* To do
Which of the lines below contain the string "Your"? Copy each one.
### Records provided
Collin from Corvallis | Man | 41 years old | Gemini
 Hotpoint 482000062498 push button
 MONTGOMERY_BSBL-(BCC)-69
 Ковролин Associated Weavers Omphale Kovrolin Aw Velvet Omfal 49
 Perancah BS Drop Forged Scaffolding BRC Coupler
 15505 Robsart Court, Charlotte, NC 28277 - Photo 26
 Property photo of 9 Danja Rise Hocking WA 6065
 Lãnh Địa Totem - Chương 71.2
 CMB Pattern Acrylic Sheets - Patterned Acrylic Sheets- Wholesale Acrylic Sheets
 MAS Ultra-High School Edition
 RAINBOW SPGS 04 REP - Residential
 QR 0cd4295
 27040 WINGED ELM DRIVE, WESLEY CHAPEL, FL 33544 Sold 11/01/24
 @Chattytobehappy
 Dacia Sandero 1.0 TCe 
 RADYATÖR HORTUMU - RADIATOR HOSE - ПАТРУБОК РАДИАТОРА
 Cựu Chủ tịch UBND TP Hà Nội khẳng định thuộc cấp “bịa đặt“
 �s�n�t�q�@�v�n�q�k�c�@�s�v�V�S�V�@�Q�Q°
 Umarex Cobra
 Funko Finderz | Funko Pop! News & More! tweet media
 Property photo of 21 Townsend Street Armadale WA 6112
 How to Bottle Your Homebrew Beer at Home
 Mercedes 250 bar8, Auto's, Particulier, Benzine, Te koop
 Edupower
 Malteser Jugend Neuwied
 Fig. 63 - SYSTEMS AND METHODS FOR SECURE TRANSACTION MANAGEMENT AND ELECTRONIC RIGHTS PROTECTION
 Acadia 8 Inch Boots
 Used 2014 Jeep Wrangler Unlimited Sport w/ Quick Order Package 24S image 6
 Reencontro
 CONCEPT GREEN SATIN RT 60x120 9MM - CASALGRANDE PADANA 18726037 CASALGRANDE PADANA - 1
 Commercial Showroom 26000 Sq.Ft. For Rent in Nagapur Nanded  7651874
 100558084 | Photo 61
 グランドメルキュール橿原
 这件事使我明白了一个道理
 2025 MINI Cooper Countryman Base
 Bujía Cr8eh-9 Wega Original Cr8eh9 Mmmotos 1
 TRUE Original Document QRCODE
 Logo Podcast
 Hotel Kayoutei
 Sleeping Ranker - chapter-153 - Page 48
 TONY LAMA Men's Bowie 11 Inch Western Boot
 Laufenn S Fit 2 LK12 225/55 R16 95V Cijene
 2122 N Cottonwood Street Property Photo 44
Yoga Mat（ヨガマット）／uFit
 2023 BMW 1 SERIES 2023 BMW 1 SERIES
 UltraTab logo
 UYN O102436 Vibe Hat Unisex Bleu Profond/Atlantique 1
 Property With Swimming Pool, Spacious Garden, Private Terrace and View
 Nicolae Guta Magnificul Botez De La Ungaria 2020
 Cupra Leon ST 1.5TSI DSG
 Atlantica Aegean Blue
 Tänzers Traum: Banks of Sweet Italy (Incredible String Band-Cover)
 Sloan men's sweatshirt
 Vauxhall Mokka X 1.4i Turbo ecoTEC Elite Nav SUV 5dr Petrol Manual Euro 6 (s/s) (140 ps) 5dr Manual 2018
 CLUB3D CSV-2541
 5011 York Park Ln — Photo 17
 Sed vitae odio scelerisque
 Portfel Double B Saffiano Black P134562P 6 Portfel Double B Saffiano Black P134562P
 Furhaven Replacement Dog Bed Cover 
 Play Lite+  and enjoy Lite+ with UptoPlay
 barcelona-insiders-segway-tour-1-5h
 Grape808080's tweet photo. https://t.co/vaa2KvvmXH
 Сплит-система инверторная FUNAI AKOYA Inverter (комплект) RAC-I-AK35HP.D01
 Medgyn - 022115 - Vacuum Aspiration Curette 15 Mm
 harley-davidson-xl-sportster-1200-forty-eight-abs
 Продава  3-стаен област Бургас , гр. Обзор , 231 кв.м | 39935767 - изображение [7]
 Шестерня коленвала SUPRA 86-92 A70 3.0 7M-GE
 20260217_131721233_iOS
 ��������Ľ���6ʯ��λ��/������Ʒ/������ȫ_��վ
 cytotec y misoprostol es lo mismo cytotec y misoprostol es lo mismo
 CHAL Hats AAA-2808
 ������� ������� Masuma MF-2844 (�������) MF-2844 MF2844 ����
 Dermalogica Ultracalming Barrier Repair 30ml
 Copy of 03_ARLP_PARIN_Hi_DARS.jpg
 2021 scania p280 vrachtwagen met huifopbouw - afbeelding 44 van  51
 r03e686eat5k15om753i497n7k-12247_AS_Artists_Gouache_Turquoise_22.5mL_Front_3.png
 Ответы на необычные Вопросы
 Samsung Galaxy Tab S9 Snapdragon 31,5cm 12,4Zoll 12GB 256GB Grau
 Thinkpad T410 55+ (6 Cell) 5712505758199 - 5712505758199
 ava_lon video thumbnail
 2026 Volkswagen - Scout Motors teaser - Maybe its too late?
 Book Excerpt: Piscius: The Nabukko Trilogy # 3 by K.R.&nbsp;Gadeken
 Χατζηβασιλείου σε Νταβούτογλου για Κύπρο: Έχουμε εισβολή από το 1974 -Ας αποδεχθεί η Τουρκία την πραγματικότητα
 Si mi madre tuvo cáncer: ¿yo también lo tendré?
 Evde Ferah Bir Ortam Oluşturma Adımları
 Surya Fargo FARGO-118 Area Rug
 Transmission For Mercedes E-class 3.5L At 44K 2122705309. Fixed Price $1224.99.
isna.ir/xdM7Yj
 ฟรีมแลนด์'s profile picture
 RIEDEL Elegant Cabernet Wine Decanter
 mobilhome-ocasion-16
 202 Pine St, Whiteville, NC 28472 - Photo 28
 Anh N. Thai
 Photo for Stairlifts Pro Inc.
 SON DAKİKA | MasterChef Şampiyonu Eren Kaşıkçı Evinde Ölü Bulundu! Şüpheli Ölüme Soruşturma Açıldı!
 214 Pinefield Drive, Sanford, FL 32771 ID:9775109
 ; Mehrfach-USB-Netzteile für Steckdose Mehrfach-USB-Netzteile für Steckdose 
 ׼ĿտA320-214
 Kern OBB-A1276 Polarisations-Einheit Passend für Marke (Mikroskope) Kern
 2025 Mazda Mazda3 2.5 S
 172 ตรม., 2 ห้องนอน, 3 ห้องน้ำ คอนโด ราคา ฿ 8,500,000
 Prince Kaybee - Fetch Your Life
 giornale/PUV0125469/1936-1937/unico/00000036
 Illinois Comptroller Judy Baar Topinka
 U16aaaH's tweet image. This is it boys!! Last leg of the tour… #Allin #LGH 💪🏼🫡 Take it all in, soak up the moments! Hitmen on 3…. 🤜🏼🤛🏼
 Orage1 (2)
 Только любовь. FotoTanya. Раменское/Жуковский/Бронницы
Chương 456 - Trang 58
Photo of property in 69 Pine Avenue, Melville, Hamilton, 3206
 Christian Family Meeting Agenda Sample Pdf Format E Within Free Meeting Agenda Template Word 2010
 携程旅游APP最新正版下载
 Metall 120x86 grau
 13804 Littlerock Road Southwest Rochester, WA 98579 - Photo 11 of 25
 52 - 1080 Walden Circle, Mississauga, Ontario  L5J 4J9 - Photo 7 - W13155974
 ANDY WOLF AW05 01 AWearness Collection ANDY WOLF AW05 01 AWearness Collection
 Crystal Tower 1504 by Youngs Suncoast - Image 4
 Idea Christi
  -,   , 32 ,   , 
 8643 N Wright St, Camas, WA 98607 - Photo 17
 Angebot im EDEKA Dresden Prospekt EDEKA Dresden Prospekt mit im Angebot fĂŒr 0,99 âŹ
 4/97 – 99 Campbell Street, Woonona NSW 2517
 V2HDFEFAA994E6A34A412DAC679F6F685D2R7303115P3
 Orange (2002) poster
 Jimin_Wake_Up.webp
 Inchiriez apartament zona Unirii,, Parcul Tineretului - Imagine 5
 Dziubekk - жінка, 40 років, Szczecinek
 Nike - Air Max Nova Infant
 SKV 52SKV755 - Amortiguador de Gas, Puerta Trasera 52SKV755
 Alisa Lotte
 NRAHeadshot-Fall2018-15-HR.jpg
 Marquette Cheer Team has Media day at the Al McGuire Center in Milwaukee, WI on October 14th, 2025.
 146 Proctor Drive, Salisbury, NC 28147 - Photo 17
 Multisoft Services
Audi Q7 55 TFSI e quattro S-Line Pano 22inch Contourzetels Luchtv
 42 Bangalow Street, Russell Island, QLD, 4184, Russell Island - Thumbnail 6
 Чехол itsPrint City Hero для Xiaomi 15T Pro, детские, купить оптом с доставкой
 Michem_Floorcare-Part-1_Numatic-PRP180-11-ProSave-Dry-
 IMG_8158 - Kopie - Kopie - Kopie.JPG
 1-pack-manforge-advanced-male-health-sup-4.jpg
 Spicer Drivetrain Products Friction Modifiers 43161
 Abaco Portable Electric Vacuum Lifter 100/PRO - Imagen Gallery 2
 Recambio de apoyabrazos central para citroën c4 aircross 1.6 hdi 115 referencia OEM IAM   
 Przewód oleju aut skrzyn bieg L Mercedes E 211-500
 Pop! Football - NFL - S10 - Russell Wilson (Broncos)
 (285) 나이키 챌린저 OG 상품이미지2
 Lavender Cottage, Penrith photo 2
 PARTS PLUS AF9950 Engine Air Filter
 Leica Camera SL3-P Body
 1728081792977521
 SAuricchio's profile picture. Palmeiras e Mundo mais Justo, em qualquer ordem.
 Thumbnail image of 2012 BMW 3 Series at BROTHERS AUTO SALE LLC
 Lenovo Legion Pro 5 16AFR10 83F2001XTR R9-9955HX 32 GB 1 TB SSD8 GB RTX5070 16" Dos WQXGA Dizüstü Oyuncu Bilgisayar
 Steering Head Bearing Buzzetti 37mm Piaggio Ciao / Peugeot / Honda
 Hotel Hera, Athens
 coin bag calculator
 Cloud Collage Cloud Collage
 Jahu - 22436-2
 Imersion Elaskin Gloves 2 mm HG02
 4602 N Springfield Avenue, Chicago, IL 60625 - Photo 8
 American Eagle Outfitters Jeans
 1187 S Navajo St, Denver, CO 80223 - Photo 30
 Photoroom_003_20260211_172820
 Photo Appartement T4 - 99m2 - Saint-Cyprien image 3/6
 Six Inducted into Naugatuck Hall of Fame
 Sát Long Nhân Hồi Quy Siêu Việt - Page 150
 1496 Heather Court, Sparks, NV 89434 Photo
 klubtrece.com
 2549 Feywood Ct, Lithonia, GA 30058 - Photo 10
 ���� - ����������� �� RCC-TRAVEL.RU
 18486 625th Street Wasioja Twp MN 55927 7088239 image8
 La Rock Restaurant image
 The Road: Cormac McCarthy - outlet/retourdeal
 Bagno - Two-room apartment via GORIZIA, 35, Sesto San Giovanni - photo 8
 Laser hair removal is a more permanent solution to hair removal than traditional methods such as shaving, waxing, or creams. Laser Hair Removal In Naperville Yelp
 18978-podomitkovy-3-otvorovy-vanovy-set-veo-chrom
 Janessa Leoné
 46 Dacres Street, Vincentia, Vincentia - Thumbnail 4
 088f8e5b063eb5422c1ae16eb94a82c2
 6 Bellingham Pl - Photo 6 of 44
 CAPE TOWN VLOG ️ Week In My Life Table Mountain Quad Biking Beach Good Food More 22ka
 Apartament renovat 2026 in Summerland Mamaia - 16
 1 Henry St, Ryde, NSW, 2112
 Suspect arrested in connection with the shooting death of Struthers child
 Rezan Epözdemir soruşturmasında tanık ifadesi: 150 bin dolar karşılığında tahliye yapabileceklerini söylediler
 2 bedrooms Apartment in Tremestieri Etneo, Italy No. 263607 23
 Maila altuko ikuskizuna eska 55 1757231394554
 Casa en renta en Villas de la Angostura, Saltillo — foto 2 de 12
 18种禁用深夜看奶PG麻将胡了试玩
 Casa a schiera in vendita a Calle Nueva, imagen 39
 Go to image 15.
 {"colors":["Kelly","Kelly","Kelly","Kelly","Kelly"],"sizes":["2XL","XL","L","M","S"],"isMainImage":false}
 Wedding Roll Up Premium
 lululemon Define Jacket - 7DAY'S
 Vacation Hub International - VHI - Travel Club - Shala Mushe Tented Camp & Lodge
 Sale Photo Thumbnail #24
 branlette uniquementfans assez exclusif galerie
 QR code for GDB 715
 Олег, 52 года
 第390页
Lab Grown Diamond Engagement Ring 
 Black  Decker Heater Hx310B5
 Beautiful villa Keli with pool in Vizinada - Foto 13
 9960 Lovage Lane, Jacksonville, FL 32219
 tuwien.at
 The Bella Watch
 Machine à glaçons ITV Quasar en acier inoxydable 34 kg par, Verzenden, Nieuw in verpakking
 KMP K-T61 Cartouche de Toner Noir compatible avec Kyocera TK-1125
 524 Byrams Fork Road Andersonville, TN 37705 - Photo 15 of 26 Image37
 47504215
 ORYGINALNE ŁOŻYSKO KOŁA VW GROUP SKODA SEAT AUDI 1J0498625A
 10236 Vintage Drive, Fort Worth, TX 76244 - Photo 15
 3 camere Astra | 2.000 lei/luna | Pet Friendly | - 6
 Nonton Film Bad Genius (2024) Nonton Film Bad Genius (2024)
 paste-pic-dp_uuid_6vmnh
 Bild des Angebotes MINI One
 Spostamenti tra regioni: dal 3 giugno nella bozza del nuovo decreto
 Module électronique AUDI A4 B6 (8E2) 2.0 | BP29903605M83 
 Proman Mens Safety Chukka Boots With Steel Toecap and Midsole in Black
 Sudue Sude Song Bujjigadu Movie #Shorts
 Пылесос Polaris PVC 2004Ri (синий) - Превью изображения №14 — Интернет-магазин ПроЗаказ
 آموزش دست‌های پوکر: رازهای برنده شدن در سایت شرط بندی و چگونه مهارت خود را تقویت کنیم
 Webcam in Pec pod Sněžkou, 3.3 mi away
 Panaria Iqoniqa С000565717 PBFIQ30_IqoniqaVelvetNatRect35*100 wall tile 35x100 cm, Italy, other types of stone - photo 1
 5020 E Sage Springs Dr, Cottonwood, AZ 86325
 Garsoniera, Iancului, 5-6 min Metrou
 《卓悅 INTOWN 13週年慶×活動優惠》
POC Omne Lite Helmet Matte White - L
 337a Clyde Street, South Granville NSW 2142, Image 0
######
* Response
 How to Bottle Your Homebrew Beer at Home
 Prince Kaybee - Fetch Your Life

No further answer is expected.